A necessary delusion

I believe in myself. I have to have some sense of self-worth to show the public my face each week, writing and publishing this blog; I have to have some sense of self-belief to submit my writing to publishing houses and agents across the world. Each attempt is a little part of me craving for attention. ‘Look at me! I can do this – in a way that no-one else can.’

Every writer that puts their work out there is the same, and that’s no bad thing. You need a little ego to survive, to push yourself onwards; it’s a bold step, trying to get yourself published, and you need to be bold to make the attempt. But I’m worse.

I read a lot of proofs of novels that are about to hit bookshops. Some of them take my breath away, are so accomplished, so innovative, that I’m in awe of the authors. I read these. I work on them, try and give them that final spit-and-polish so the final product is as perfect as perfect can be. I go through all this, I see all these wonders, and I still think I’m good enough to sit on the bookshelves alongside.

Problem is that self-belief and self-delusion are very hard to distinguish between. I do believe in myself. But I’ve got to weigh that against the fact that I’ve been rejected by hundreds of agents over the years. I just can’t cut it, on that front at least.

So maybe I am delusional.

As time goes by it seems to me that my chances of being taken on by either the publisher of my dreams (to whom I submitted Oneiromancer in their yearly open-submissions period), or the agent with whom I got a personal recommendation, are inexorably slipping away. The former has silence equating failure; the latter… well, no news is bad news?

So: I am delusional. And that’s fine. I will take that delusion and use it for the betterment of mankind. Or at least it’ll make me persist, to keep thrashing on, to keep sending my work out into the world.

The problem is that I believe. I believe in Oneiromancer, even if it has a shonky title, even if it turns out to need a good editing. It’s better than anything I wrote before. And in my belief – in my arrogance – I want it to be read.

I just don’t know how to help that come to pass.

The publisher of my dreams achieved that status by having a great network of nice writers and an excellent social media team. I want desperately to be part of that world. Ego again?

I just want to be read. I desperately wish I could do something to make that happen – something that, hopefully, involves other people doing the marketing work. I’m just no good at it, as can be evidenced by the lack of sales of the otherwise excellent New Gods.

I believe in myself. I am delusional. I just need someone in the business to take a risk on me.

All these things can simultaneously be true.

Today’s delusion

I’ve just written the best book ever. No, really, I have. It combines depth with a rip-roaring story. It’s an adventure and a psychological study and it’s desperate and it’s terrifying. It’ll grip you for days. Unputdownable. Devastating.

This is a lie. I’m not sure in what way it’s a lie, but I know it’s not true. I’ve finished a draft and I know it’ll be filled with errors. Huge, great, monstrous mistakes that’ll have any civilised reader reaching for the red pen with sonic-boom generating alacrity.

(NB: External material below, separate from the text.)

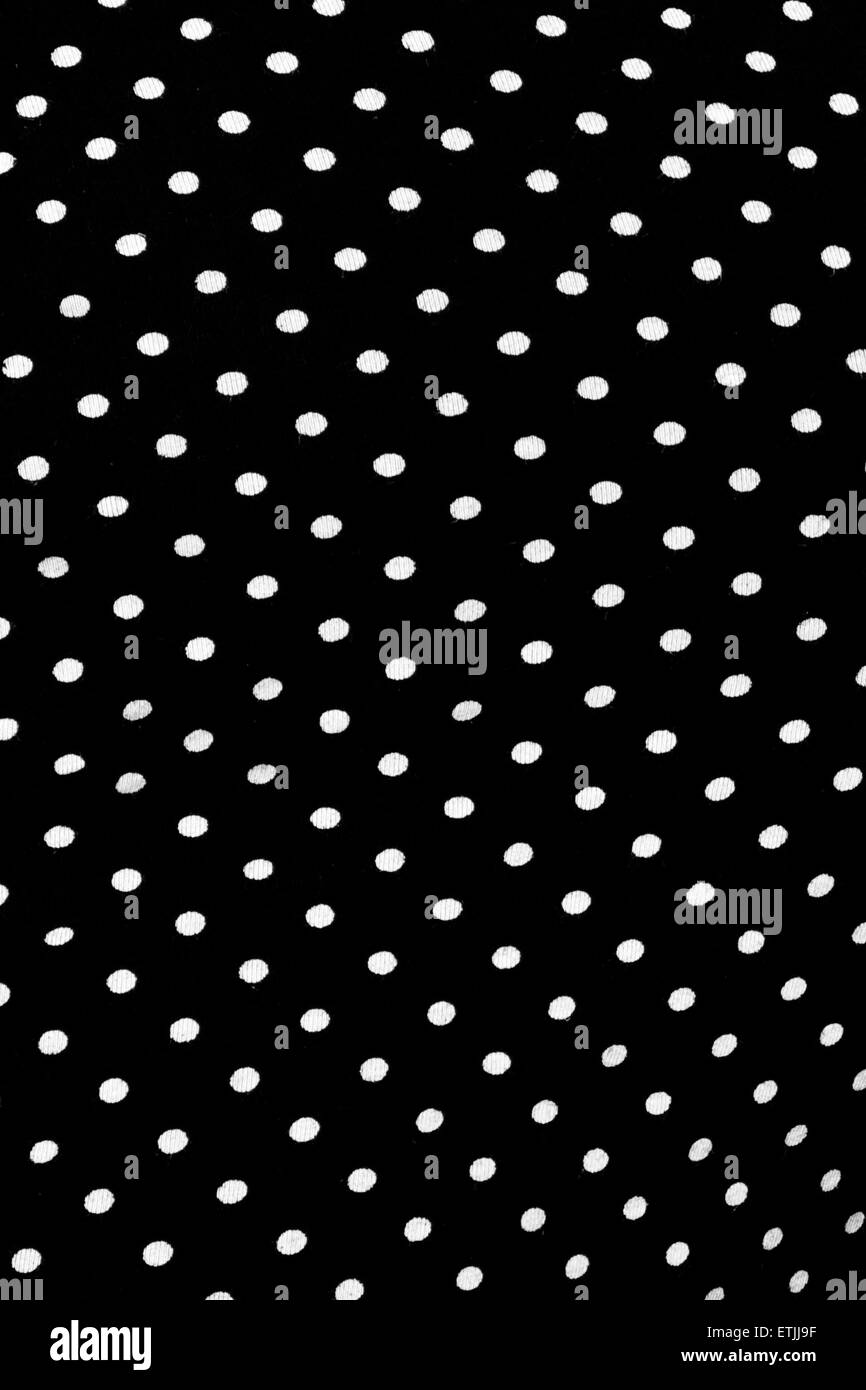 Modèle composé de points blancs sur fond noir Banque D'Images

I’m not an idiot. A dreamer, yes, but not an idiot. I want to write well. And I know that in five year’s time I’ll be hideously embarrassed by what I’ve done. It’s painful to think that I sent my first novel out to publishers and agents; it was so bad, or at least so not good enough, that it’s a wonder nobody advised me to get a second day job so I’d have no more time to write. But right now I’m in love. I’m infatuated. Every blemish is beauty; every imperfection a charm. As if I’ve learnt nothing at all.

It’s impossible to be objective about the work you’ve just written. I’ve scrawled my way through seven novels and after each of them I thought I had a contender. This’ll be the one to break me, I thought; this is my masterpiece. I’ll make my name. I’ve felt this after every single draft, no matter how I’ve known that there’s still much work to do. Every time I’ve been wrong.

So what’s today’s delusion? Are my characters cruel clichés? Is my dialogue parade-ground parody? Is my plot as obvious as an elephant in a fishtank? Or will it be a combination of evils that just add up to a sense of ‘bleuch’-ness. I don’t know. I can’t see my errors. It’s too fresh, too real.

I’m proud of what I’ve done. I’m learning. I can see all the mistakes I made in previous novels – wince-making, agonising torments – and I’ve tried to avoid them. But there’s always a new way to grow. Always a skill to improve, a new craft to master. I just can’t see what it is right now. I want to believe. It’s so clear, so beautiful.

It’s a good job I know people willing to break my heart.